If approved, funding will come from the $31 billion fixed-income portfolio. The investment committee will likely vote on a second draft of the policy at the July 10-11 meeting, with an implementation plan scheduled to be presented at the Sept. 3-5 meeting.
Staff at CalSTRS expect a real return, net of fees, of at least 5% and will target returns, also net of fees, of CPI plus 1.5%. They will also likely target separately managed accounts and look at private-to-private deals.
Private-to-private deals, where private owners sell to investors, comprise most of the infrastructure deal flow, according to the CalSTRS agenda.
“You want private deals,” said Mr. Biller. Public deals, where a government entity, for example, shops its wares in a public auction, can attract too many bidders and drive up the price of the asset, he said.
The winner often “suffers winners remorse” in public deals, said Mr. Biller.
Separately, to limit risk, CalSTRS staff has laid down some preliminary guidelines about the style of investment — core, value added or investments in global, publicly traded infrastructure companies.
CalSTRs can include international, emerging markets
Staff expects a range of 30% to 70% in core investments, 30% to 50% in value added and up to 30% in public equities. Publicly traded infrastructure companies are more volatile than their private counterparts, but add liquidity to the portfolio, according to the policy.
Up to a third of the portfolio will be in non-U.S. investments and up to 10% of the total portfolio can be in emerging markets. The remaining assets will be in the U.S., with an emphasis on California.Infrastructure investing in the U.S. is still an emerging industry compared with the Australian, Canadian or European markets. In fact, some pension fund executives, like David Pontius, manager of pension investments at the $1 billion Shelby County Retirement System, Memphis, Tenn., view the young age of the asset class in the U.S. as a big opportunity.
Still, before Shelby County approved an initial allocation of 0.5% in October 2007, there was a concern about the illiquid nature of the asset class, he said.

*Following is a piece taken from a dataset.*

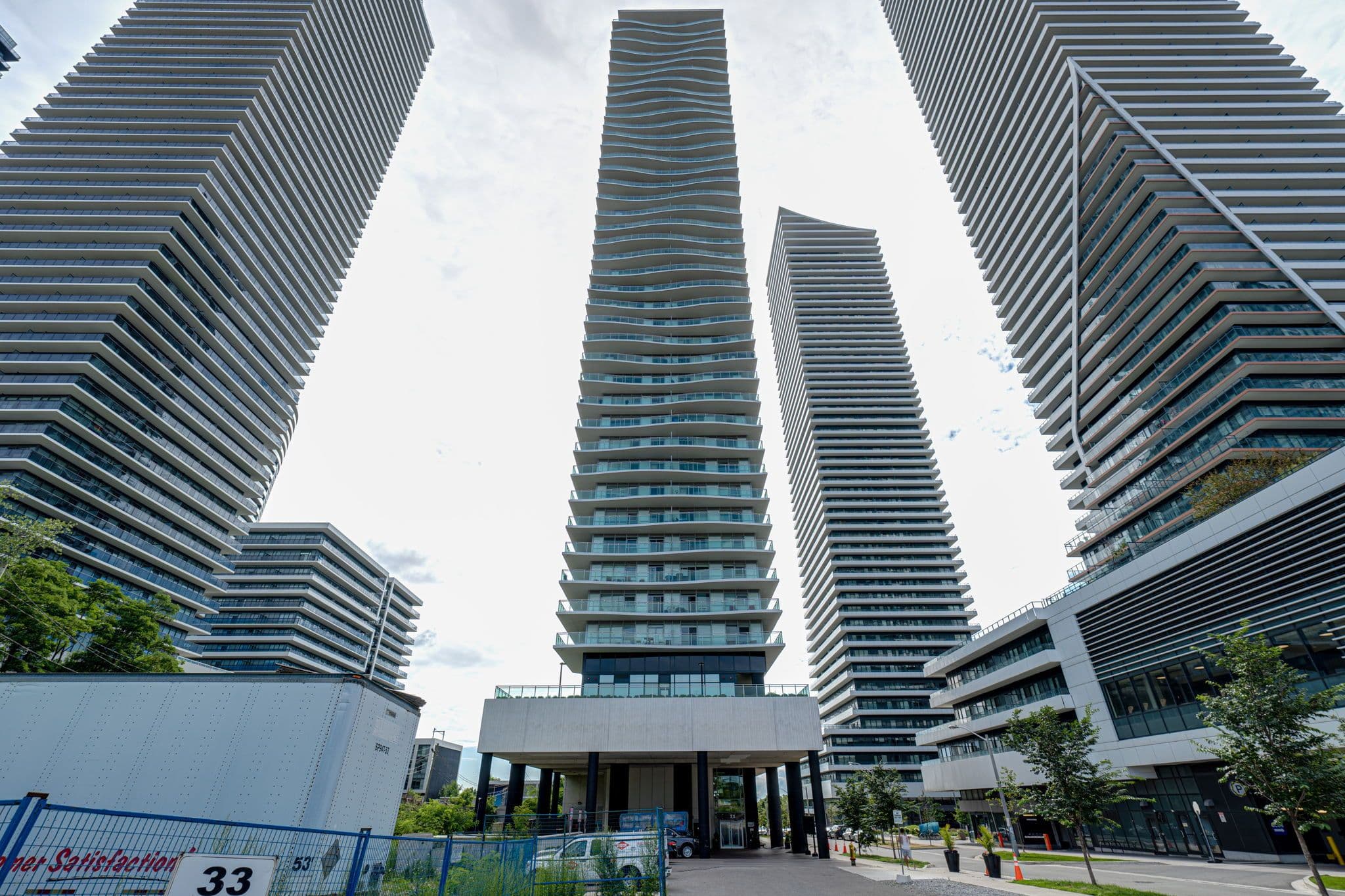33 Shore Breeze Drive 407, Toronto W06, ON M8V 0G1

But a major driver behind the initial investment was a belief the U.S. government would be unable to meet the country’s infrastructure needs without the investments from the private sector, said Mr. Pontius. The American Society of Civil Engineers estimates that $1.5 trillion is needed to bring infrastructure in the U.S. to good condition.
On June 3 the board doubled its allocation to infrastructure to 1% of the portfolio, or $10 million. “We like infrastructure because it offers fixed-income-like volatility, but with better returns,” he said.
Larger pension funds are also investing. Last December, the $245.4 billion California Public Employees Retirement System, Sacramento, earmarked a 1.5% allocation for infrastructure as part of a larger, 5% carve-out to inflation-linked assets. As of May 12, CalPERS had not invested in infrastructure because officials are still in the process of approving an investment policy, according to documents on the pension fund’s website.